In regeneration of fluid catalytic cracking catalyst of the type used in modern conversion systems such catalyst is typically a combination of amorphous materials together with crystalline materials such as molecular sieves. Predominant components of such cracking catalysts are silica and alumina in a weight ratio of from about 10 to 60% alumina in the silica. Because alumina is aluminum oxide it is a highly abrasive material. Further, it is particularly abrasive because of its size. In such systems the catalyst normally has a particle size distribution of about 60-90 weight % in the range of 10-120 microns. Such dimensions are on the order of a finely ground flour or talcum powder. The particles flow and respond in a dry state very similar to a liquid.
After catalyst has been used to catalytically crack a hydrocarbon stream, the spent catalyst is coated with coke, primarily heavy hydrocarbon materials and carbon. This material is burned from the spent catalyst both to regenerate and heat it. The added heat is the primary driving energy required to crack the hydrocarbonaceous fluid and to circulate the catalyst. Depending upon the quality of the hydrocarbon feed stream, the catalyst is heated as high as it is reasonably economic to do so. The heated and regenerated catalyst generally flows by gravity from the regeneration bed to the riser reactor. Sufficient inert gas, such as steam, may be added to assist upward flow into a riser reactor. There the hot catalyst contacts a hydrocarbon stream. The actual driving force for the system is the voluminous evolution of hydrocracked gases upon hydrocarbon contact with the hot catalyst. The evolved gases are recovered as product vapors in a separator and the spent catalyst, with coke formed thereon, is returned to the regenerator, primarily by gravity, through a spent catalyst stripper.

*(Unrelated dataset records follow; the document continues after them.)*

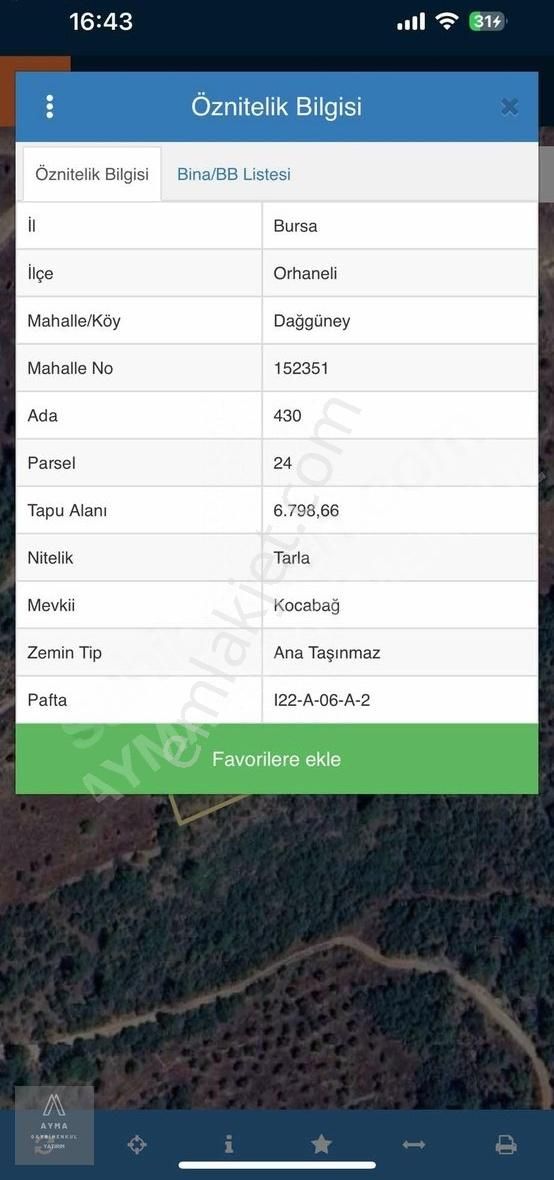 Ayma'dan Orhaneli Dağgüney Mah 6.798 M2 Satılık Tek Tapu Tarla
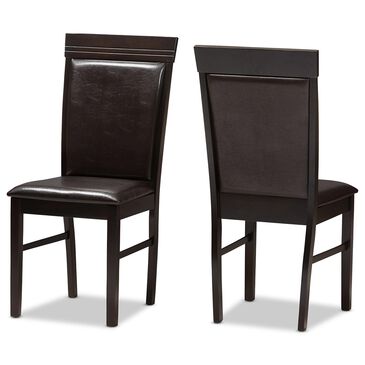Baxton Studio Thea Side Chair in Dark Brown (Set of 2), , large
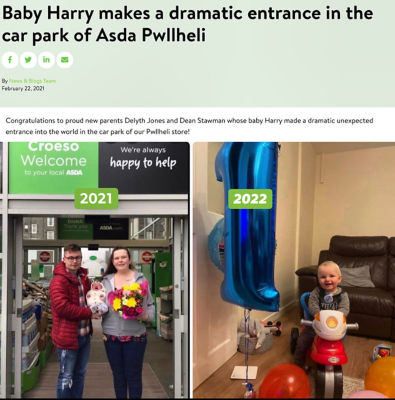 Baby born in Asda Pwllheli Car Park One Year on Happy 1st Birthday Harry! | Asda Pwllheli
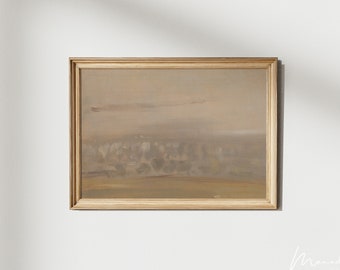 Abstract Painting Neutral Modern Farmhouse Landscape Art Print for Entry Wall Decor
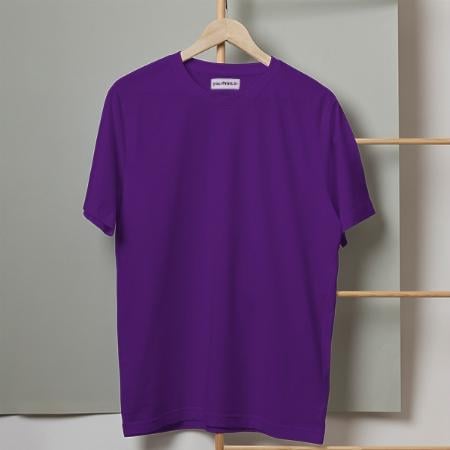 Purple Solid Plain Half Sleeve Men's Cotton T-Shirt by yP Basics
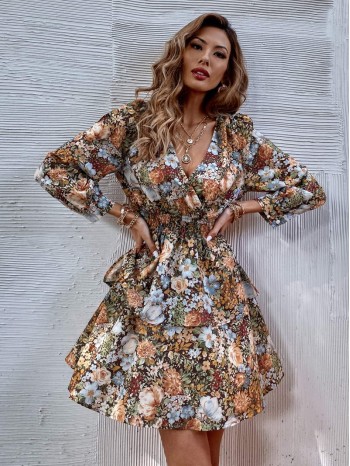 All Over Floral Print Surplice Neck Layered Hem Dress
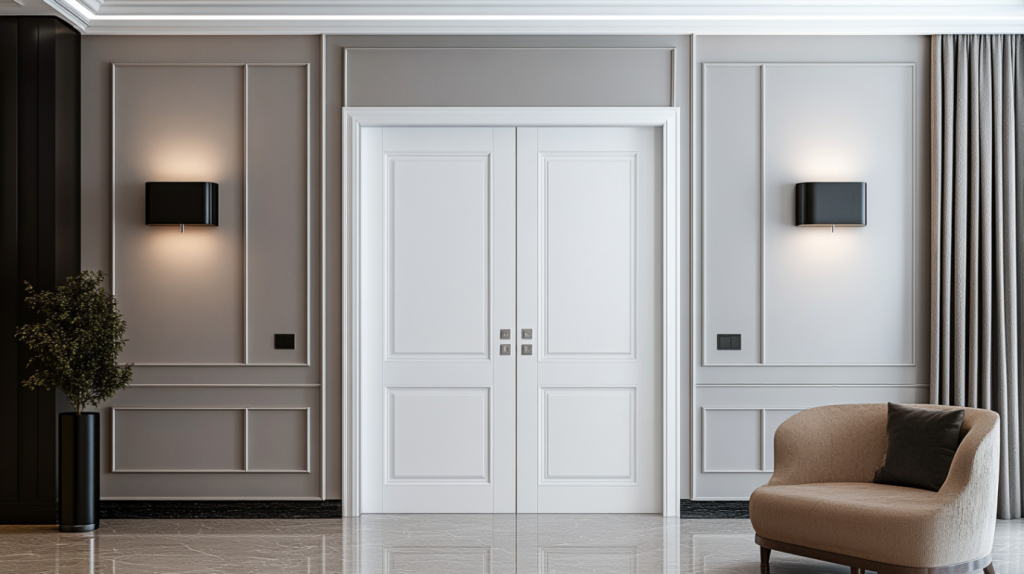 Contemporary white double doors with geometric paneling, ideal for a modern bedroom with sleek finishes.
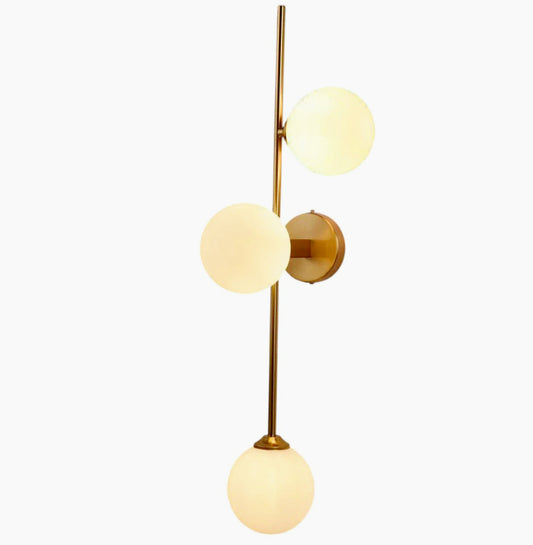 Applique a parete in bronzo – Tre sfere opache, design minimal, attacco G9 - ambraled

In the regenerator the material is deposited on a grid and forms a bed through which air or other oxygen-containing gas is normally pumped under pressure to sustain the burning operation. The rate of flow of air through the bed is critical in that the air pressure also counterbalances the "hydrostatic" head of the "fluid" catalyst bed as it rests on the grid. The pressure through the air flow openings in the grid, either holes or screen, is maintained adequate to prevent catalyst from flowing back into the air supply, or a plenum chamber, normally formed below the bed, for equal distribution of air to catalyst over the entire grid.
Excess air flow through the regenerating catalyst can result in catalyst loss in the combustion gases; this results in overloading of the separating cyclones through which the combustion gases flow or the precipitator system for particles in the stack gases. More critically, excess air flow can decrease the temperature of the regenerated catalyst for reaction with hydrocarbons. Conversely, if air flow is inadequate, the particles will backflow into the air plenum chamber. Under this condition, such particles become mixed with air in the plenum and then re-enter the bed at high velocity through the same or other holes subjecting the air holes or openings to erosion. Such high velocity erosion can substantially increase the size of such airflow holes (either drilled in a plate or formed in a screen). If such holes or openings become too large it is difficult to maintain the plenum pressure high enough to counterbalance the hydraulic head of the catalyst bed. Under such circumstances, an FCC operation must be terminated and the grid repaired or replaced.
In accordance with the present invention, I have found that such problems of maintaining adequate air flow to regenerate the catalyst, but without excessive catalyst cooling or without catalyst backflow from the bed may be controlled by withdrawing a portion of the air in the regenerator plenum from directly adjacent a low point of the bed on the grid. The air withdrawn from the regenerator plenum may be either periodically sampled for catalyst particles by direct inspection or by measurement either directly or indirectly.
In one form of the invention such measurement may be made by directing the sampling air flow stream to the stack gas precipitator for the regenerator. The presence of catalyst particles in the stream may then be detected either by periodically sampling the air for particles or by measuring the temperature of gas flowing in the sample stream which would be elevated by the presence of hot catalyst therein. The rate of flow of the oxygen-containing gas to the plenum chamber, is then adjusted so that the plenum pressure is above that at which catalyst will backflow so that it can be detected in the sample stream.
In establishing such a level of air flow, the flow may first be reduced so that some catalyst is entrapped in the withdrawn air stream. Such catalyst is directly indicated by the presence of the particles or indirectly by measuring a temperature rise of the air stream. The flow is then raised by, say 10 percent, to assure no catalyst backflow. During continuous operation of the fluid catalytic system the backflow is then periodically checked to assure that the pressure required to maintain balance between the plenum air pressure and the head of fluid-like catalyst resting on the grid is adequate to prevent detection of hot particles in the sampled, or withdrawn, air stream.